第三章 白峰藍の場合1
不妃との出会いは当然というべきか一年半前。この学校に入学した頃。不妃に関しては入学当時、クラスの中に目を引く美人がいんなーってくらいの認識だった。
妙な子だなってのが最初の印象。いつも窓の外見てぼーっとしてて、じゃあ友だちいないのかな、あまり話さない子なんだろうなって思ってたら、男子と馬鹿笑いしてる姿をたまに見る。女子連中で話し掛けると話の途中で思い出したようにふらっとどっか行っちゃう。
ある日。それが気に喰わなかったのか、あたしとは違うグループの、ちょっと目立つ子が不妃をシカトし始めた。やったことと言えば、体育のグループ分けの時にハブる程度だけど。たしかバレーだった。そういう空気はクラスにすぐ伝わる。やられた方も堪える。

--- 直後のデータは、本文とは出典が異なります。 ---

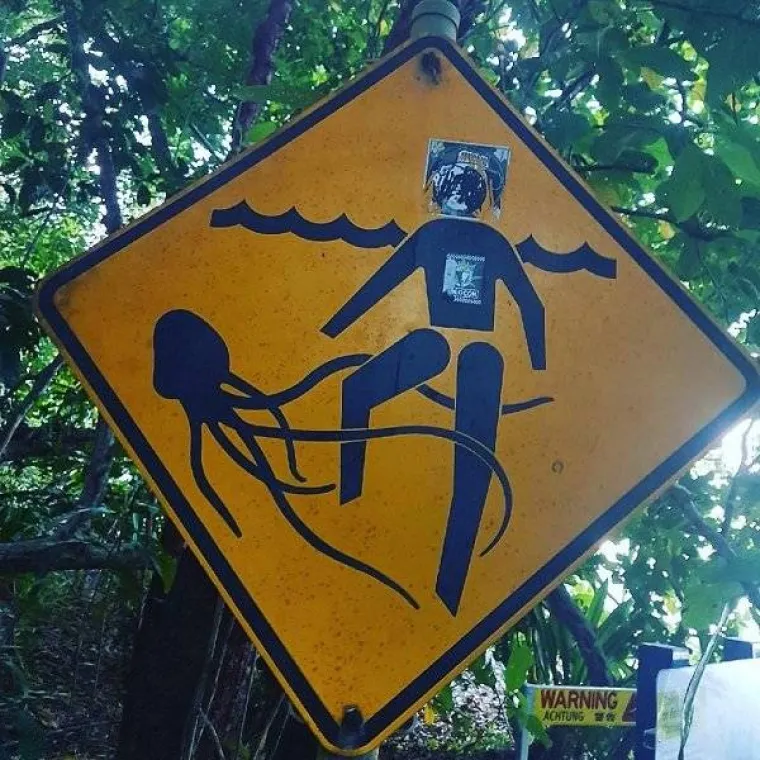 ONO &Scaron;TO JE AUSTRALCIMA SVAKODNEVICA, DRUGIMA JE NOĆNA MORA: Zemlja u kojoj stra&scaron;ljivi ne mogu opstati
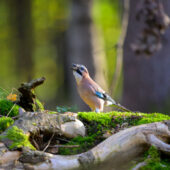 Used 500mm f/4G vs New Z 180-600mm: Wildlife Lens Showdown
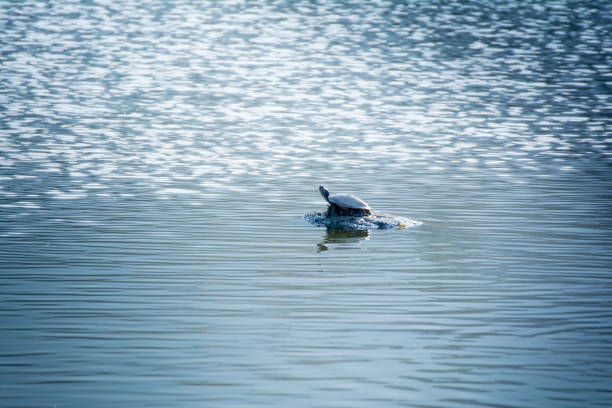 Green turtle swimming pond cherry petals floating. Shooting Location: Yokohama-city kanagawa prefecture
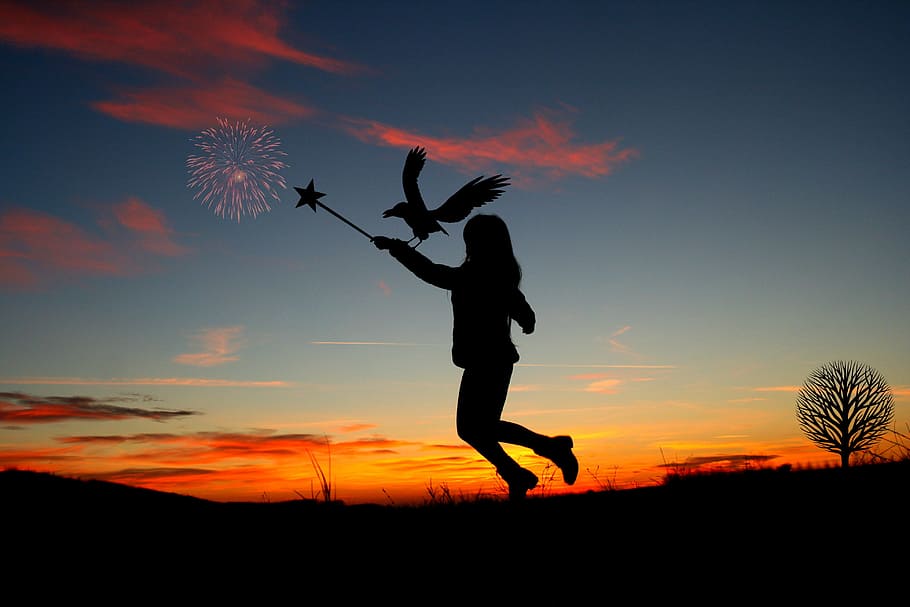 silhouette of a person playing with bird during sunset, witch HD wallpaper
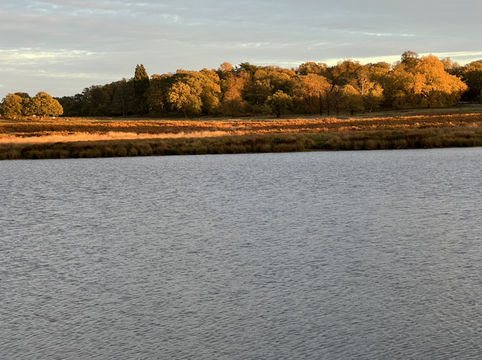 Golden Hour Walk sunset🌅 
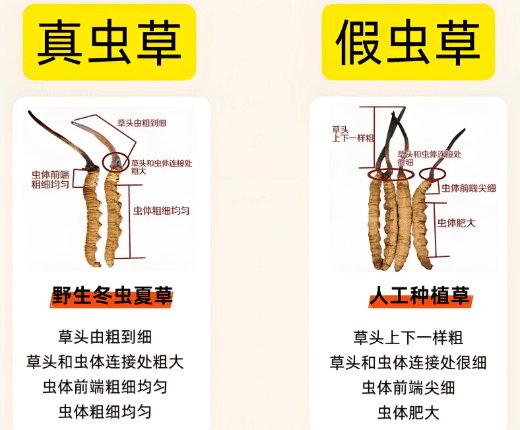 如何鑑別真品冬蟲夏草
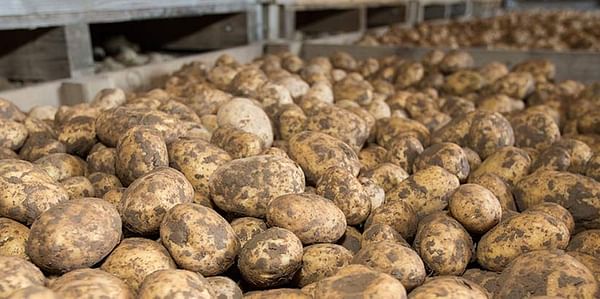 Weight loss and compression damage in potato storage
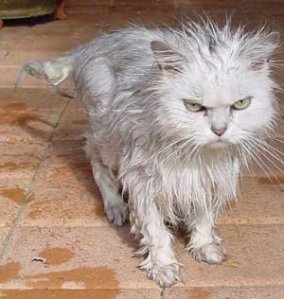 wet-cat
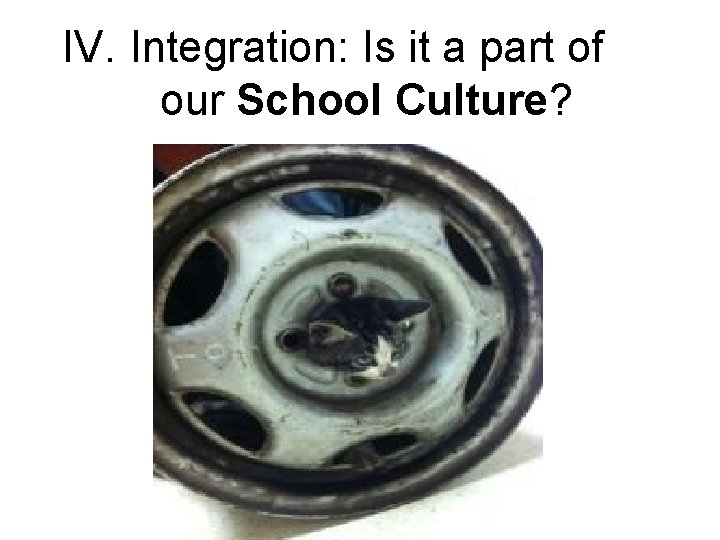 IV. Integration: Is it a part of our School Culture? 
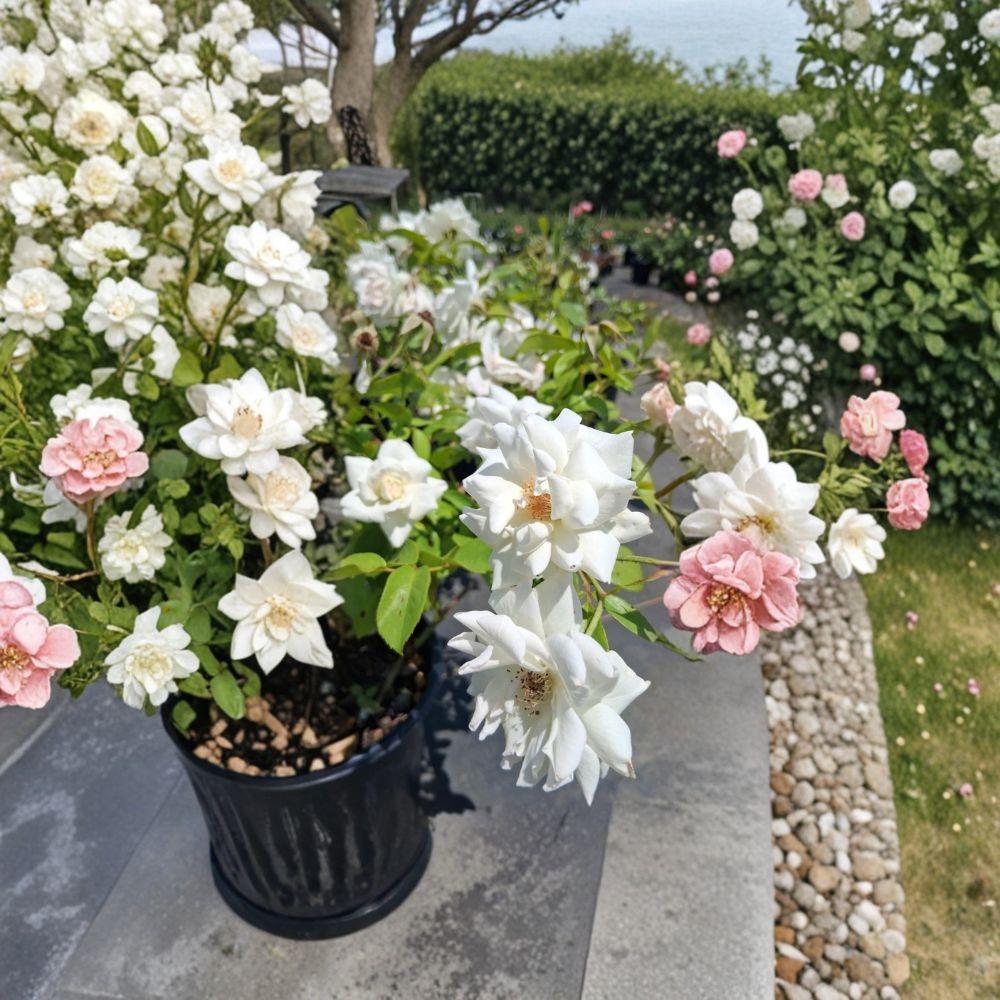 Iceberg Floribunda Rose Live Plant | 2 Gallon Pure White Rosa Hybrid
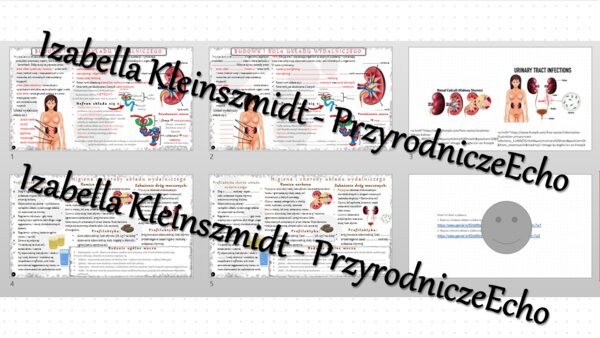 Zestaw sketchnotek i kart pracy + gratisowe linki do prezentacji multimedialnych niekomercyjnych wykonanych w genial.ly do indywidualnego pobrania i użycia do celów niekomercyjnych. Biologia 7, „Układ wydalniczy”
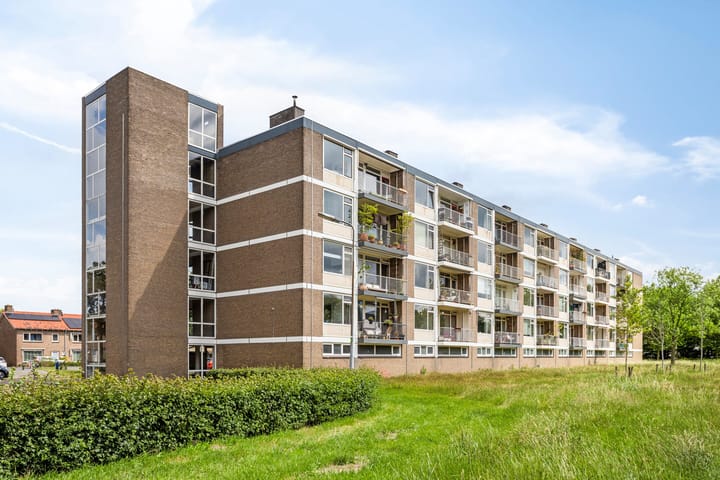 Foto 29 van Bowierstraat 55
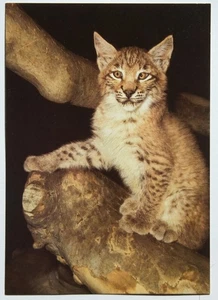 Postkarte Luchs - Bild 1 von 2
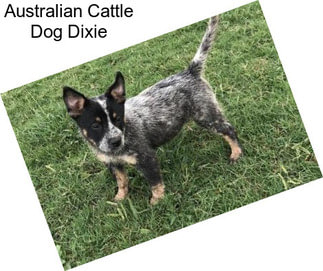 Australian Cattle Dog Dixie
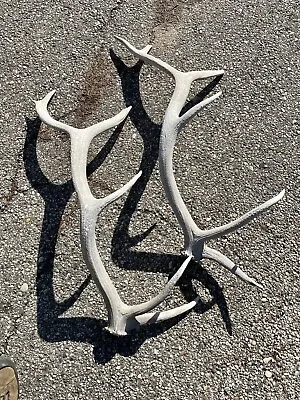 2 Big Elk Shed Wild Antler Horn. Big White Heavy 6 X 6 Point. Long 33” • $99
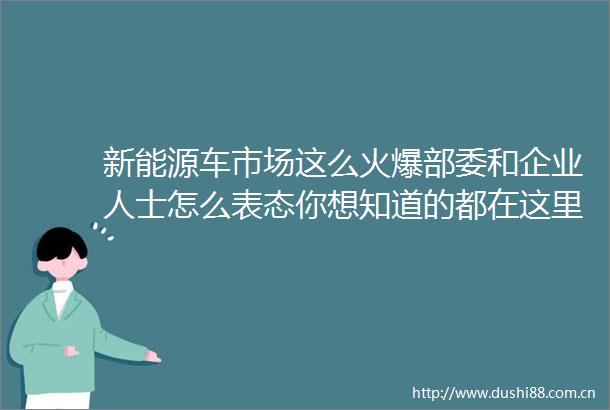 新能源车市场这么火爆部委和企业人士怎么表态你想知道的都在这里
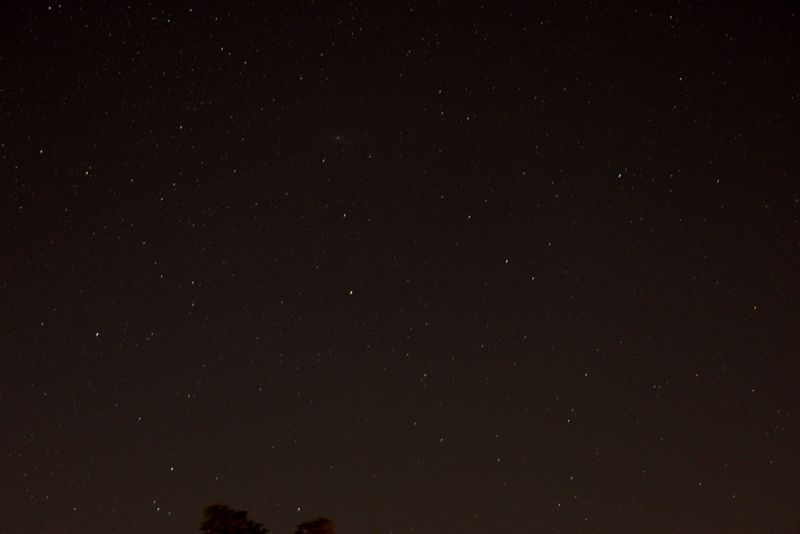 Andromeda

普通の女子なら耐えられない。塞ぎ込んでしまって次の週には不登校、なんてのをあたしは中学で何度か見てきた。
気に入らねーって思ったね。仕方なしにそん時はあたしが組んだ。禄に言葉はかわさなかった。
暫く見てそれがまだ続くようだったら、おせっかいだけど、口出そうとした。
したらその次の週。
不妃とそのシカトを実行した子、その二人が仲良く廊下で話していた。
はあ? って、感じ。なんだったの? まあ、仲良くなったんならいいけどさ。けど、どうなのよ? あんたにはプライドってもんがないのか。イラッときたのを覚えている。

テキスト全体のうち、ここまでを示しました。